Ephemera, Part IV

This continues our discussion of collecting ephemera or secondary items, in this case related to author John Steinbeck, as a method to enhance your collection and to set it apart from the collection of others, to personalize it or color it to fit your desires and taste.  We have already discussed bibliographies, periodical appearances by Steinbeck, his Armed Services Editions appearances, and theatre memorabilia.  Now we’ll discuss movie memorabilia and interesting editions of Steinbeck’s works by his subsequent publishers.



  1. The Grapes of Wrath, 20th Century-Fox, 1940, complete set of eight 11X14-inch lobby card posters for the original release of the film version.
  1. The Pearl, RKO, 1948, complete set of eight 11X14-inch lobby card posters for the original release of the film version.
  1. A Medal for Benny, Paramount, 1945, an original-release one-sheet film poster, 27X41 inches.
  1. Lifeboat, 20th Century-Fox, 1943, an original-release film pressbook.
  1. O. Henry’s Full House, 20th Century-Fox, 1952, an original-release film pressbook.

Film memorabilia related to John Steinbeck is an area filled with challenges, but it is one that provides many rewards.  Film scripts by a favored author seem like a perfect fit for a book collector.  Still photographs from author-related movies are fun.  Pressbooks, which are sort of how-to manuals for hyping a movie, are excellent references for individual films as they usually show examples of advertisements and posters and stills that were issued for that movie.  And the posters themselves often have great graphics that can add a wonderful feel to your collection.

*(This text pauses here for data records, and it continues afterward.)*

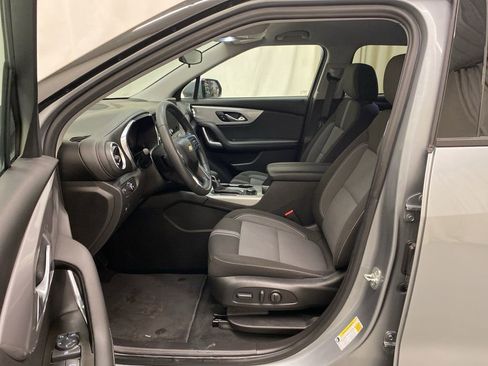 Used 2025 Chevrolet Blazer LT AWD/4WD image 14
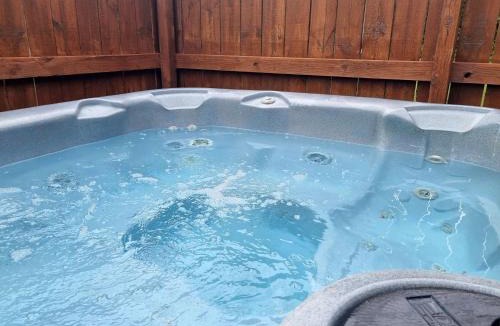 Fitling House | Willow Plus 6 Hot Tub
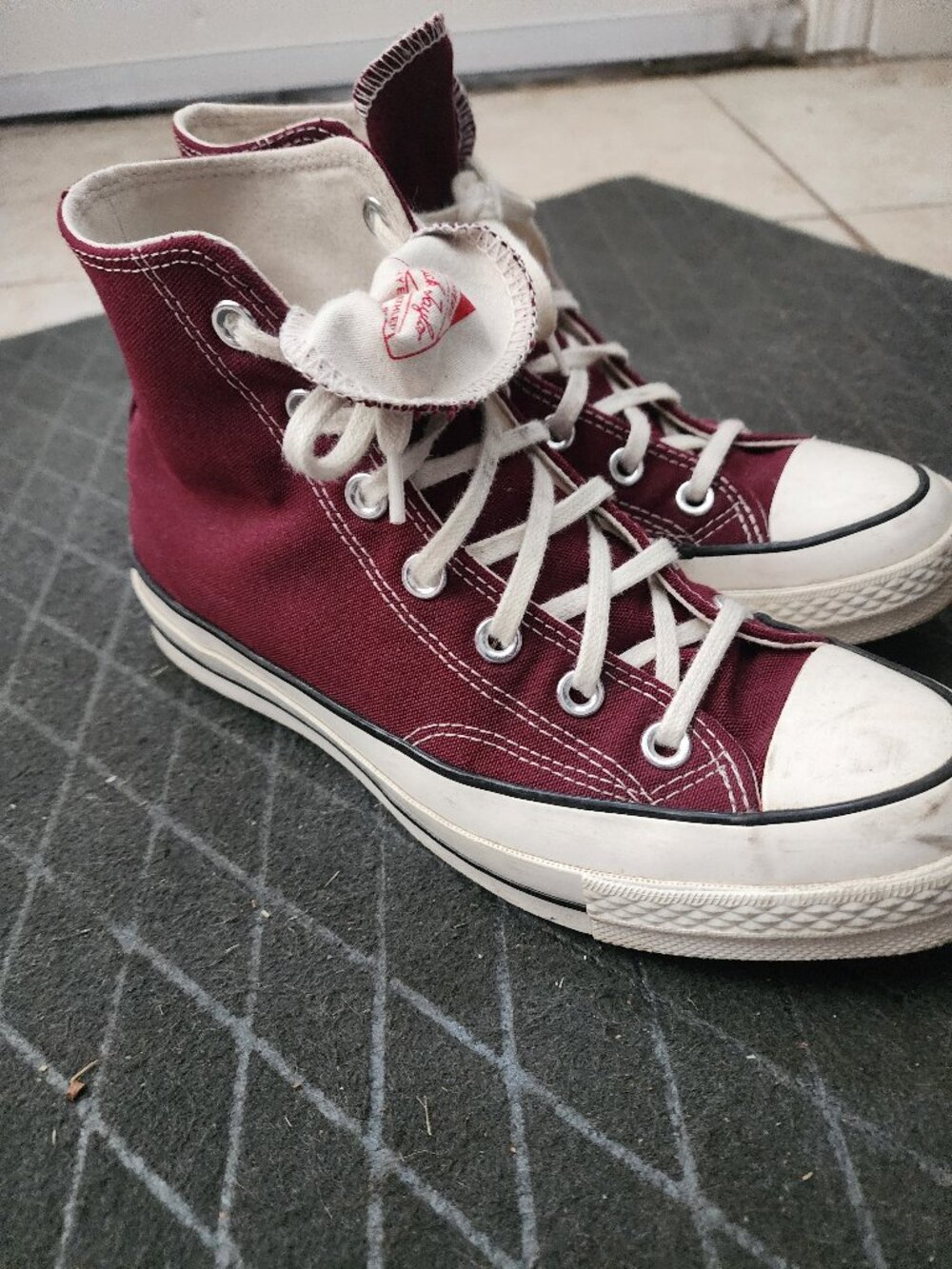 Chuck 70 burgundy High tops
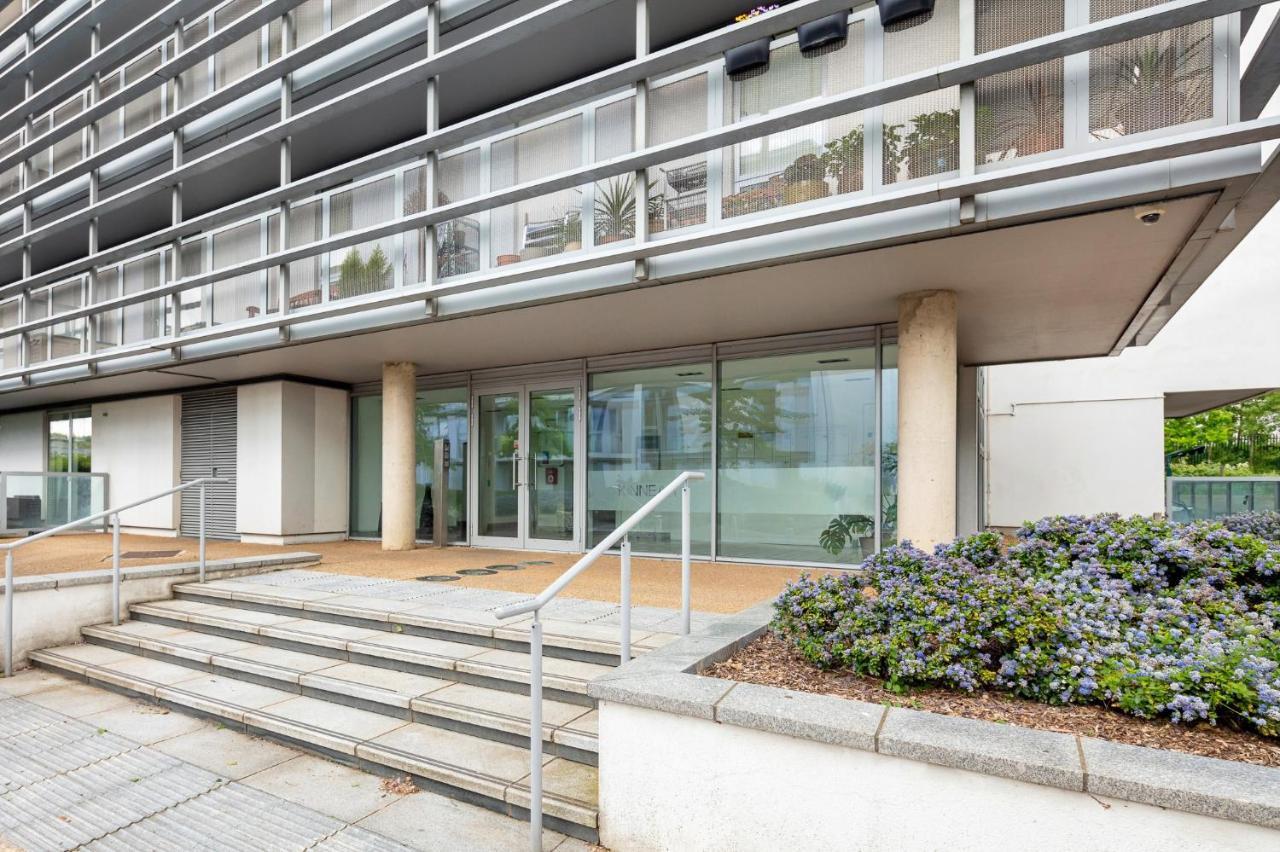 Stunning Apartment With Underground Parking! Londra Dış mekan fotoğraf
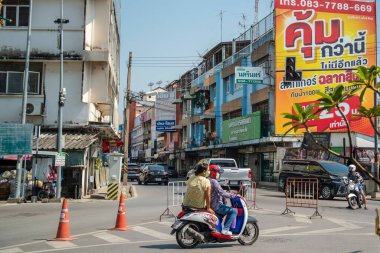 Samut Songkhram 'daki şehir merkezi veya Tayland' ın Samut Songkhram ilindeki Mae Klong, Samut Songkhram, Kasım 2022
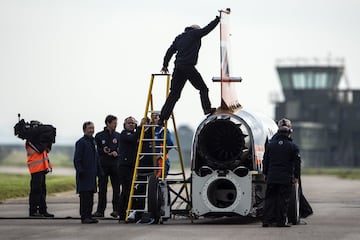 El Bloodhound SSC Supersonic diseñado por el aerodinamista de 87 años Ron Ayers en colaboración con Richard Noble, tiene previsto alcanzar el récord de los 1.609 kilómetros por hora en el desierto Hanskeen Pan de Sudáfrica.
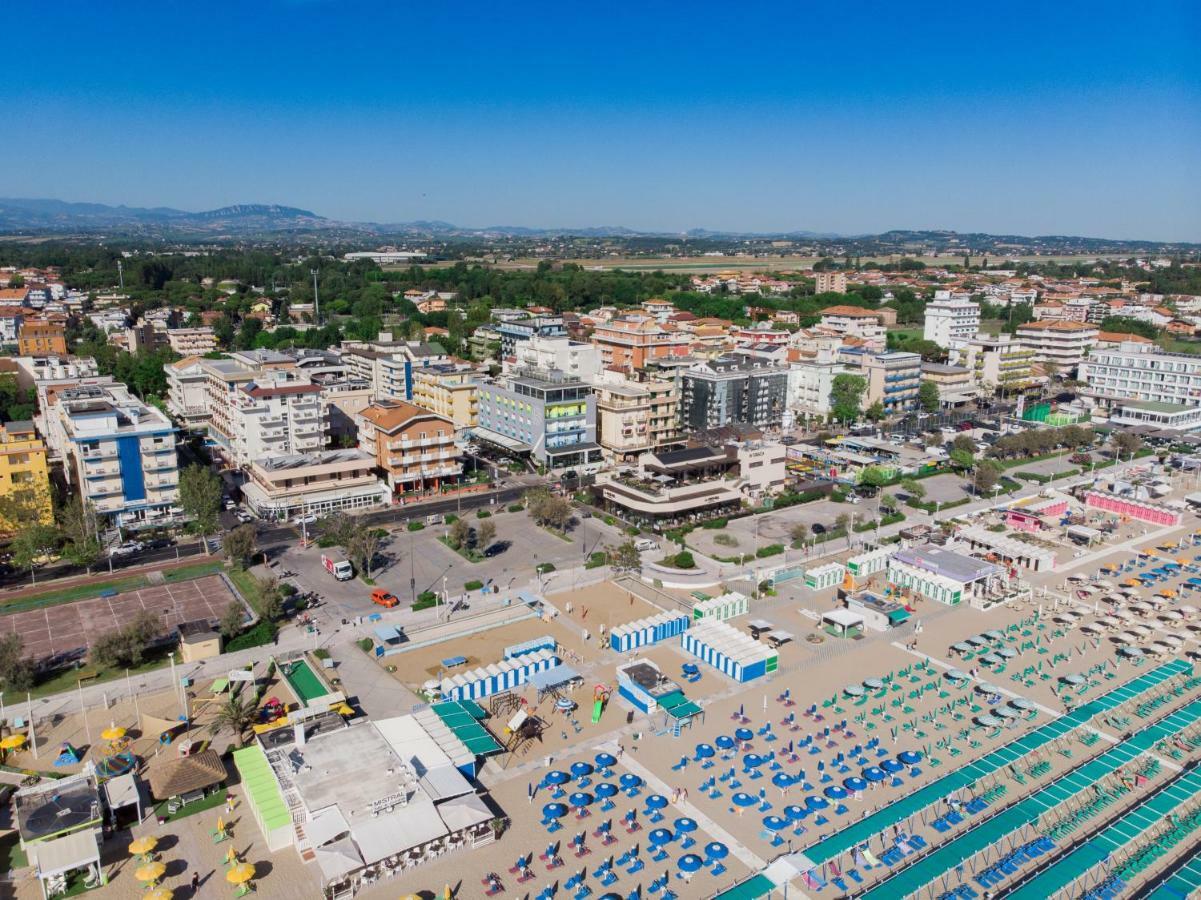 Adelphi 3* Riccione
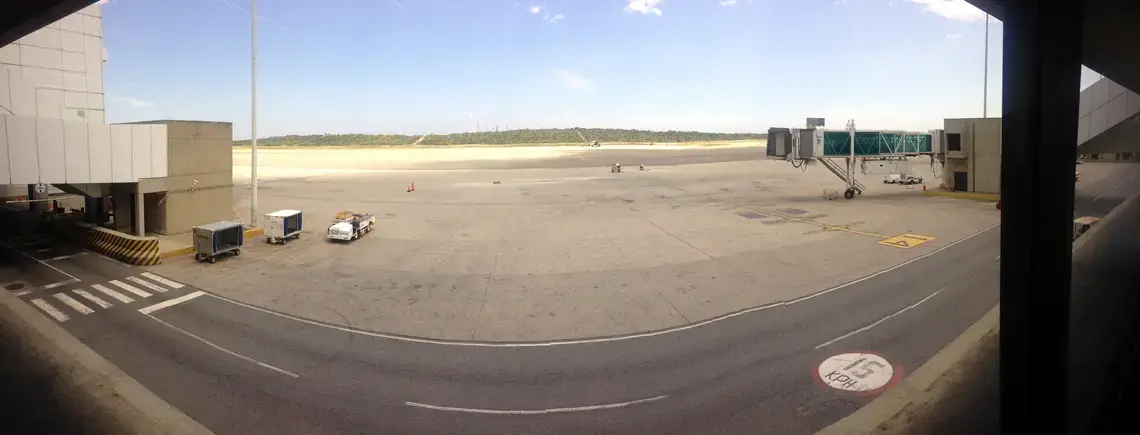 Empty runway of the Simón Bolívar International Airport in Maiquetía. Image by Lila Franco. Venezuela, 2017.
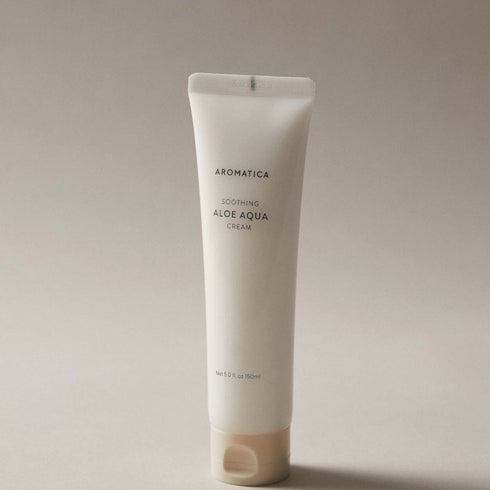 Redu roșeața și disconfortul pielii cu crema hidratantă Aromatica cu aloe vera. Textura gel-cremă oferă prospețime și calmare pentru pielea expusă la soare sau stres.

Many of Steinbeck’s books were made into films, so there are a number of titles to seek and a myriad of items for each title to collect, but some are more difficult to find than others.  Since The Grapes of Wrath is probably the most recognizable Steinbeck title, it is a natural film to pursue, although prices can be steep.  Lobby card sets, which usually are a group of eight 11X14-inch posters, can be difficult to find.  Finding a complete set of eight is a bonus.  Finding that set in its original housing envelope is nearly impossible, but then, if it were easy, it wouldn’t be as much fun and the set wouldn’t be as valuable.  The Pearl was hardly a blockbuster film, which makes memorabilia difficult for film buffs and Steinbeck collectors to find.  Lifeboat is pursued not only by Steinbeck fans, but also by fans and collectors of the film’s director, Alfred Hitchcock.  Viva Zapata! is wanted by Steinbeck collectors and Marlon Brando fans to the same degree that East of Eden is wanted by both Steinbeck and James Dean collectors.  A Medal for Benny was based on a story by Steinbeck and his boyhood friend, Jack Wagner.  It may not be the most recognizable Steinbeck film title, but the image of star Dorothy Lamour that dominates most of the posters is huge and simply gorgeous.  There was plenty of controversy surrounding Lifeboat.  Steinbeck detested what Hitchcock did to his story and unsuccessfully tried to have his name removed from the film credits.  Whether you find a pressbook for Lifeboat or any other Steinbeck-related film, be sure to check it carefully to ensure that images or entire pages have not been cut out.  Pressbooks were created to publicize films.  They often include “news” articles that some theatre managers cut out to use either as advertisements or to give to local newspapers as press releases.  O. Henry’s Full House is an oddity.  Only the pressbook for the film is a Steinbeck item.  The movie was a compilation, an experiment with the omnibus film format.  In this case, five of O. Henry’s stories were brought to the screen by five different directors using five different screenwriters.  Steinbeck himself makes a rare on-screen appearance to introduce the film.  His voice-over narration also provides transitions between the film’s segments.  While Steinbeck is not credited as narrator in the film’s posters, he is credited in the pressbook.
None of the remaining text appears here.